To remedy the situation, I did what I should have done in the first place, namely clean up my lights and make sure that NanoLube is the only lubricant in use. Doing that has allowed all my lights to thread more smoothly than when they were new. I am convinced that every new light I have received has had a "temporary" lubricant applied to it by the manufacturer, with the understanding that we the users will want to apply the lubricant of our choice more liberally at a later date. I am very happy with the way my lights perform with NanoLube as the sole lubricant.


----------



## jch79

Does anyone know where the aluminum dispenser pen is made? :shrug:


----------



## wvaltakis2

jch79 said:


> Does anyone know where the aluminum dispenser pen is made? :shrug:


 
Not sure where it's made, but earlier in the thread someone mentioned finding them at Lowe's.

~Chip


----------



## TITAN1833

i can get them all day long.


----------



## jch79

jch79 said:


> Does anyone know where the aluminum dispenser pen is made? :shrug:



FYI, from Christian StClaire:
"The pen is from Asia, the bottle needle cap is US"

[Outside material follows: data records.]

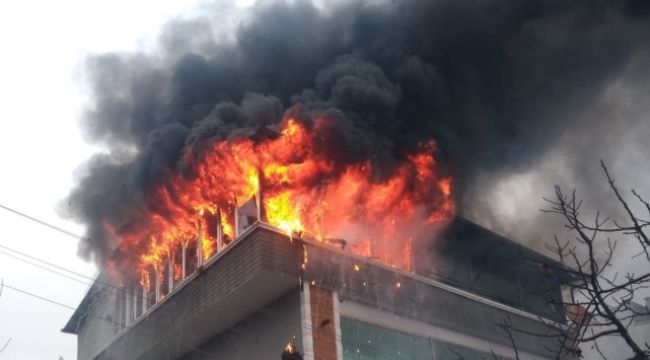 Site içinde bulunan apartmanın çatısı alev alev yandı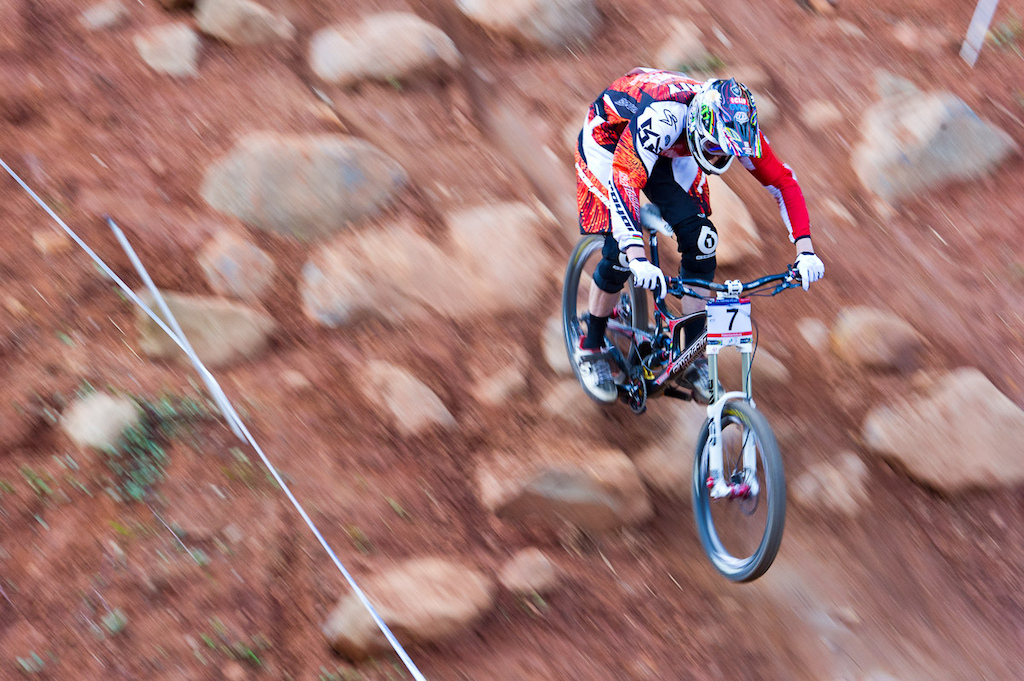 Notice that left hand "shifter" on Peaty's bike? That'd be a dropper post remote.
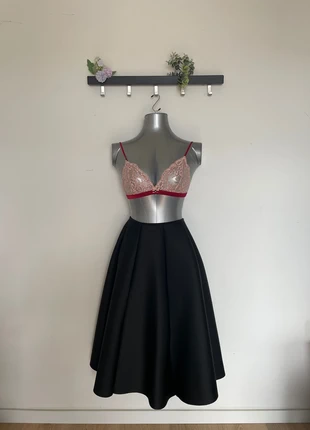 Stretchable High Waisted Black Skirt, Midi Black Skirt, Vintage Black Skirt, estado: Muito bom, tamanho: S / 36 / 8, €4.00, €4.90 inclui Proteção do Comprador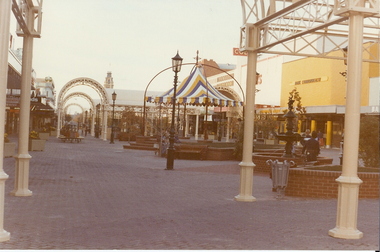 Photograph - HARGREAVES MALL, 13 May 1982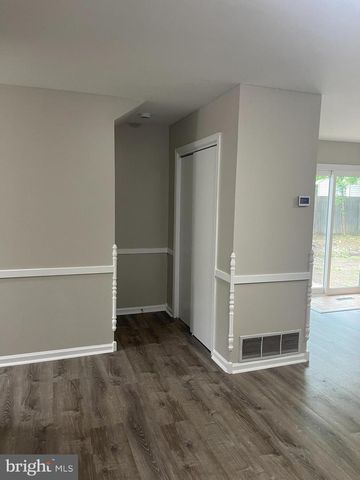 35 HONEYSUCKLE DR, Newark, DE 19702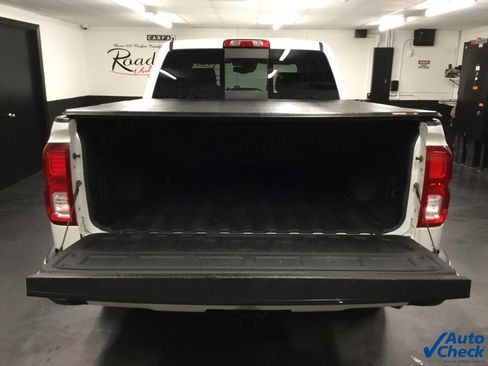 Used 2017 Chevrolet Silverado 1500 High Country image 12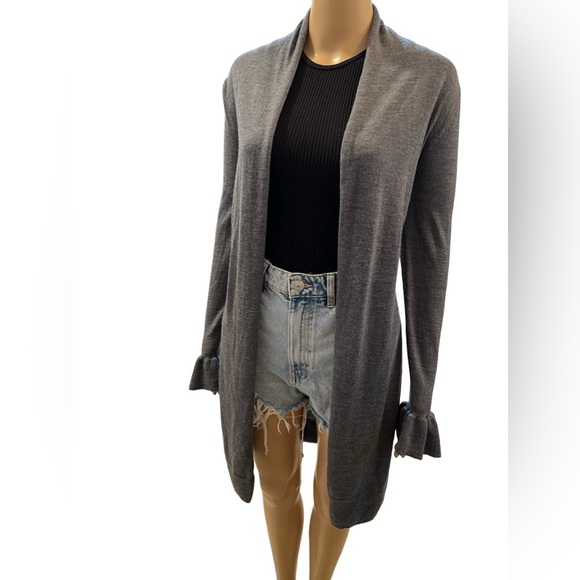 Beautiful merino wool cardigan - Picture 6 of 9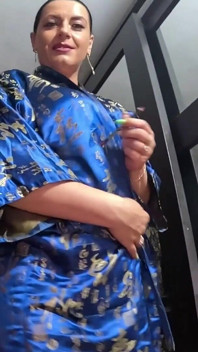 자지를 빨고 정액을 가지고 노는 섹시한 게이샤 274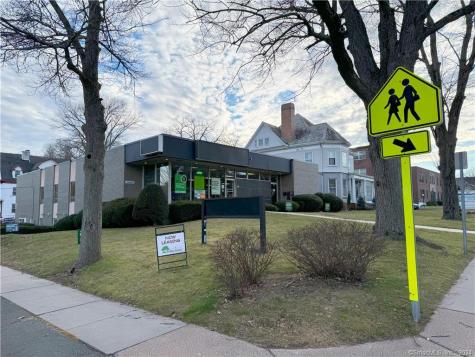 593 Farmington Avenue Hartford CT 06105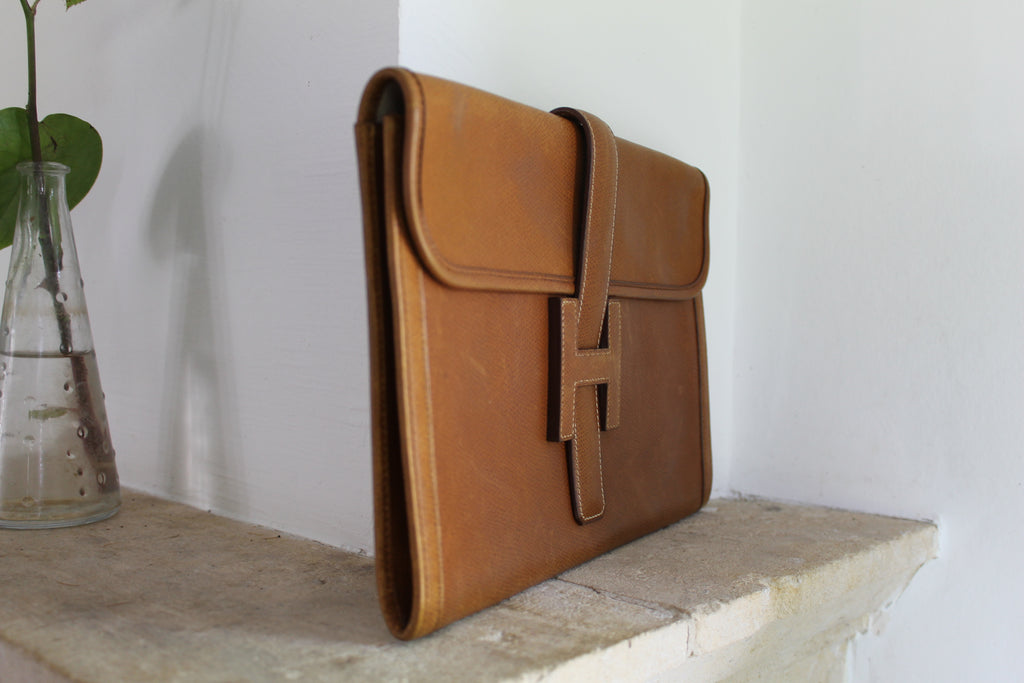 Hermès pochette modèle Jige en cuir gold grainé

Of course, NanoLube itself is Made in USA, but my inquiry was about the pen vs. the bottle needle cap.

 john


----------



## chanamasala

MorpheusT1 said:


> Just ordered some
> 
> The Pen + a refill bottle.
> 
> He even has 20% off for CPF members,great guy.
> 
> 
> 
> Cant wait to try some on my Ti lights.
> Benny



How do you get the 20% off?


----------



## TITAN1833

FYI i am selling here CPFMP.just the one off.


----------



## nanolube

chanamasala said:


> How do you get the 20% off?


 
You can get it for $9.99 on eBay from the inventor and only licensed distributor in the world. I will go one better at almost 40% off, and offer free shipping to CPF members that contact me at [email protected] or through www.hyperdiamond.com

Under ASTM testing, the original NanoLube protected against metal wear better than StClaires diluted, unlicensed, illegal copy of NanoLube. The original is better for good reason, and costs less too.

Chris


----------



## TITAN1833

Ok guys i am seeking guidance from Mods.should this thread now be closed.having served its purpose IMr should it continue  thank you.


----------



## nanolube

TITAN1833 said:


> FYI i am selling here CPFMP.just the one off. & i can get them all day long - regarding oilers


 
Titan1833 first started praising Christian StClaires NanoLube, and now he is selling it and able to get unlimited oiling pens - indicating he is probably Christian StClaire. In any case - please carefully read the following.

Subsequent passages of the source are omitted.